Schuldgefühle stiegen plötzlich in ihr auf, vermischten sich mit ihrer Angst. Hatte ihr Vater denn so ganz unrecht? Waren ihr nicht solche Gedanken gekommen? Schlechte Gedanken? Hatten diese Gedanken nicht etwas mit dem zu tun, was er ihr vorwarf?

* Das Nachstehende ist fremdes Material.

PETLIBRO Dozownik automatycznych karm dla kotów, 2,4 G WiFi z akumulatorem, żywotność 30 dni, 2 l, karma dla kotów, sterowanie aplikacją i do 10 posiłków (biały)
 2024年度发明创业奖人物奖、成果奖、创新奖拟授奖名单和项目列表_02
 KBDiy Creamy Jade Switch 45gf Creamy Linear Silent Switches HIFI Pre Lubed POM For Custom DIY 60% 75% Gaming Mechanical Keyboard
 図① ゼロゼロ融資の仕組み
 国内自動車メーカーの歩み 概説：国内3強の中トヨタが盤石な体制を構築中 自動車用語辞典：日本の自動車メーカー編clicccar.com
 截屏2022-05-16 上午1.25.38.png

DM hast das Erwachen eines Impulses gespürt - etwas, das Gott in dich hineingelegt hat. Das ist nicht dasselbe. Es ist keineswegs dasselbe wie die Art und Weise, in der er dich jetzt ansieht. Es ist nicht dasselbe, absolut nicht dasselbe.

Sie zog ihre Bluse noch fester über der Brust zusammen.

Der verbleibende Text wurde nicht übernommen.